Apple fans and journalists asking them why they stood in line overnight weren’t the only ones outside retail stores for the debut of the latest iPad.
Consumer groups protesting labor conditions at the factories in China where those shiny new tablets were made were also out making their voices heard.
Change.org was stationed outside stores in Washington, DC, New York City, and San Francisco, while the Raging Grannies took up their post outside the iconic Palo Alto store.
Protesters have frequently harnessed media attention at Apple stores, but if the Palo Alto scene is an indication, they had a hard time channeling the hoopla during a product launch.
Raging Grannies Ruth Robertson and Gail Sredanovic were out half an hour before the store opened at 8:00 a.m., but instead of putting on their usual rockstravaganza protest, they were told to keep it down by journalists who incited Apple fans in line to cheer for the TV cameras.
“So we passed out our literature,” Robertson told Cult of Mac by phone. “Some people were receptive, others wanted to argue economics with us.

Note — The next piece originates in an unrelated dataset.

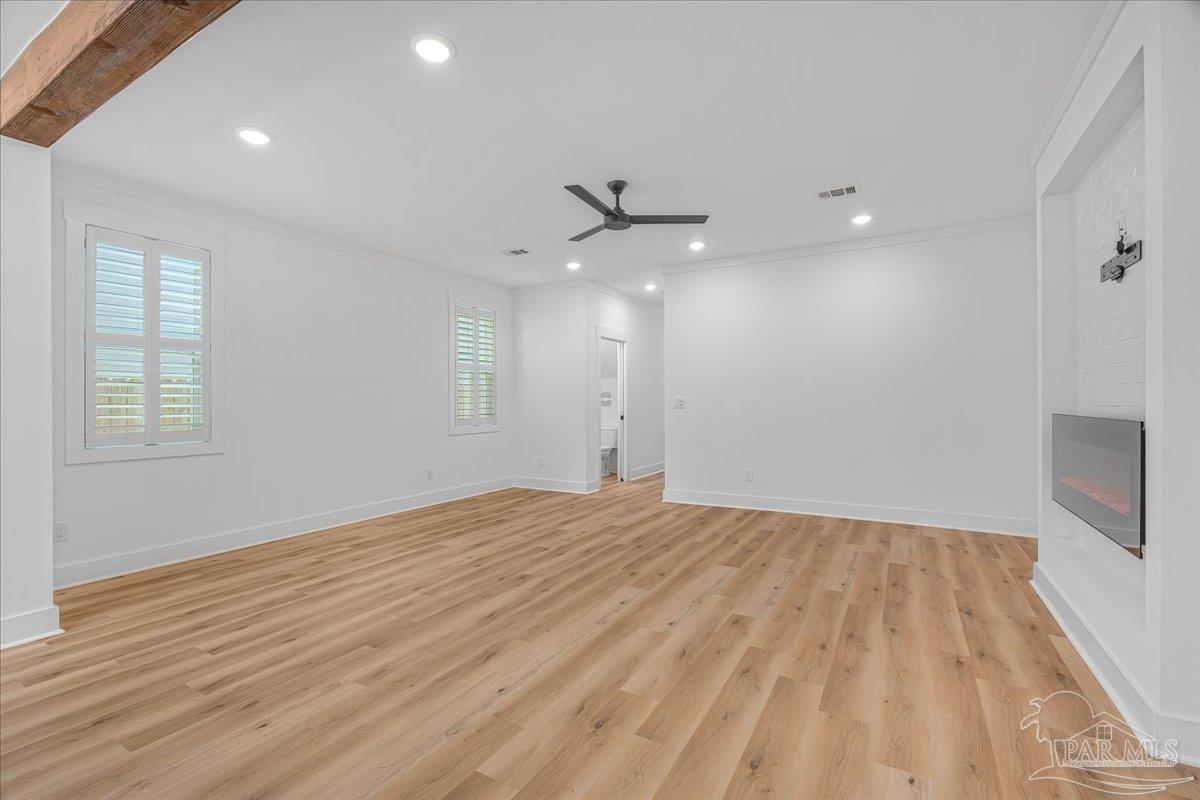 1149 E Hayes Street Pensacola FL 32503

They seemed to think the market alone can fix it or that it’s simply China’s problem not Apple’s.” The open letter of about 300 words asked for greater transparency in worker’s rights and conditions at the factories where Apple products are made.

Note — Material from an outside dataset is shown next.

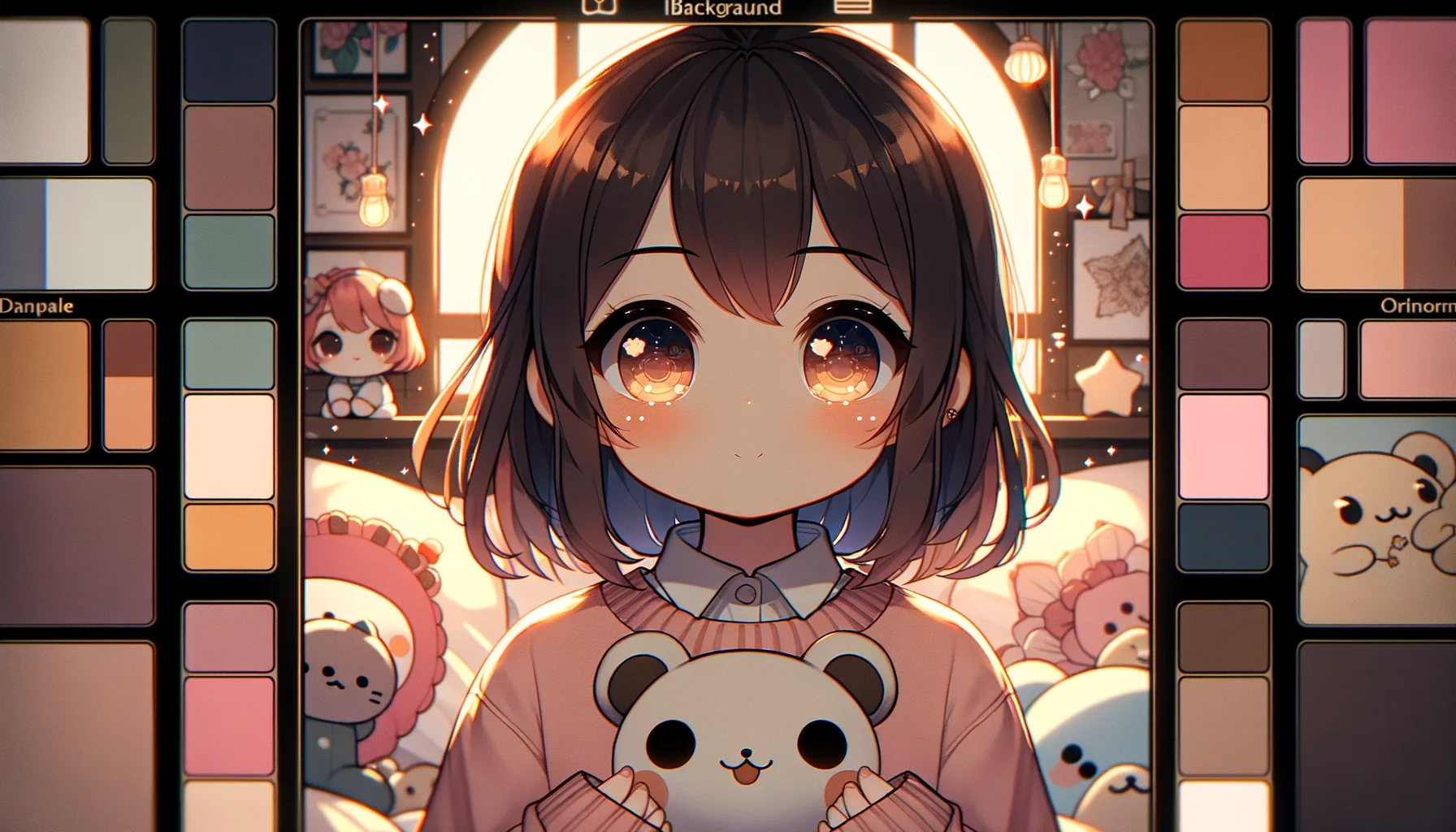 실제 설정 방법 단계별 설명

Out in front of the San Francisco store, Charlotte Hill of Change.org says she and the dozen or so members representing the 250,000 people who signed the online petition were interviewed by a number of media outlets and found a “generally supportive” atmosphere by the folks waiting in line for the new iPad.
“A lot of people who signed Mark Shields’ petition are Apple users and love Apple,” Hill said, speaking from an iPhone. “The people in line today were pretty respectful; many people who love the products get the message that Apple should to live up to thinking differently when it comes to making them.”
Chatting with the people in line in Palo Alto, Sredanovic says that some admitted to being “addicted” to Apple products, something she has a hard time understanding but says is a sign of a consumerist society where companies like Apple build obsolescence into attractive products.
Both organizations said they will keep up the pressure on Apple until labor conditions at its contract manufacturing plants are changed.
“We made our statement, we were heard and that’s what we do,” Sredanovic said.